One approach to overcome, at least partially, the mentioned drawbacks is to use autothermal reforming instead of steam reforming. Autothermal reforming (ATR) is a combination of partial oxidation and steam reforming wherein the exothermic heat of the partial oxidation supplies the necessary heat for the endothermic steam reforming reaction. This is typically carried out in a conventional, two-zone ATR reactor. In the first zone, which is typically provided with a burner, the feed is partially oxidized with oxygen or air, wherein most, if not all, of the molecular oxygen is consumed. The heat release from the oxidation reaction can raise the gas temperature as high as 1200-1300° C. The oxidation reaction is often carried out in an open volume, free of any catalyst. The hot gases then flow through a bed of reforming catalyst where the endothermic reaction between the unconverted hydrocarbons and water results in a mixture containing CO and H2 at a desired ratio.

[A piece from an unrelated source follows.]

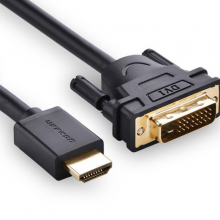 Bộ Chuyển HDMI To DVI (24+1) 1.5M UGREEN 11150 (HDMI dương, DVI âm)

Use of autothermal reforming is known, for example, from U.S. Pat. No. 6,375,916 B2. This publication is directed to soot free autothermal reforming of hydrocarbon feed containing higher hydrocarbons. The system comprises a pre-reformer upstream of an autothermal reformer. The autothermal reforming is carried out in a burner combustion zone and, subsequently, in a catalytic zone having a fixed bed of steam reforming catalyst. In the burner combustion zone, where thermal reactions occur, the possibility of coke formation cannot be excluded.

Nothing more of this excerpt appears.